Retribution: The Battle for Japan, 1944–45
by Max Hastings, Knopf, New York, 2008, $35.
Max Hastings was a premier 20th century war correspondent. As a military historian he adds to those writing skills and nose for a story a penetrating grasp of the essential. Three years ago Hastings published his account of the last year of World War II in Europe. He has matched that volume with a history of the last year of the war against Japan.
Part of his story is well known. By January 1945 the American military had shattered the power of Imperial Japan. Yet the Japanese had not the slightest intention of surrendering. Nor did they display any sympathy for the horrors being visited on the civilian population of the Home Islands by B-29 incendiary raids.
Instead, the Japanese generals and admirals assumed Americans could not accept the casualties an invasion of the Home Islands would entail. Correctly assuming the Americans would land on Kyushu, they deployed vast numbers of troops to that southern island. In late May 1945 barely 100,000 soldiers were stationed on Kyushu; by late July there were nearly half a million. Only the dropping of the atomic bombs and consequent threat of absolute destruction ended Japanese militarists’ pretensions that they could preserve their honor by refusing to accept the inevitable defeat.
Hastings combines research and multinational interviews with the work of American military historians like Richard Frank and Edward Drea. He then adds a dimension on which few historians of the Pacific Theater, with their American biases, have focused. In addition to the great island-hopping drives of Nimitz and MacArthur, there were other crucial struggles. Field Marshal 1st Viscount Slim’s 14th Army waged a fierce battle against the Japanese in Burma. The Australians grappled with Japanese garrisons in the Dutch East Indies (modern-day Indonesia), while the Japanese conducted their own version of the Eastern Front in China, murdering and abusing the populations of the territories they occupied.

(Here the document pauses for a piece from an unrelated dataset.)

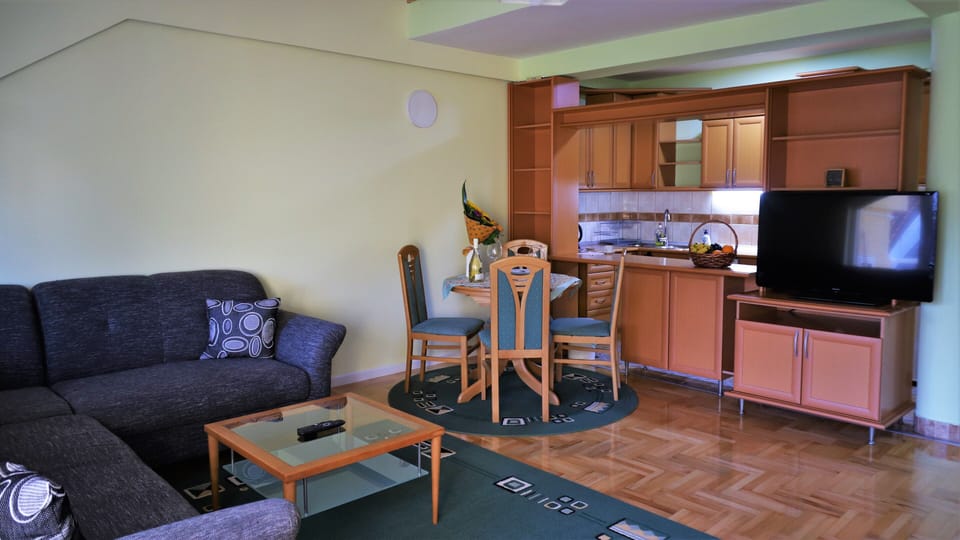 Apartment | Living area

A continuation of the Pacific War would have meant millions of additional casualties—not just American and Japanese but Chinese, Burmese, Malay, Indonesian and others. The fate of Allied POWs would also have been fixed: death by starvation, execution and brutality. Hastings has done a great service with his reminder that the War in the Pacific was not just an American affair with American lives on the line.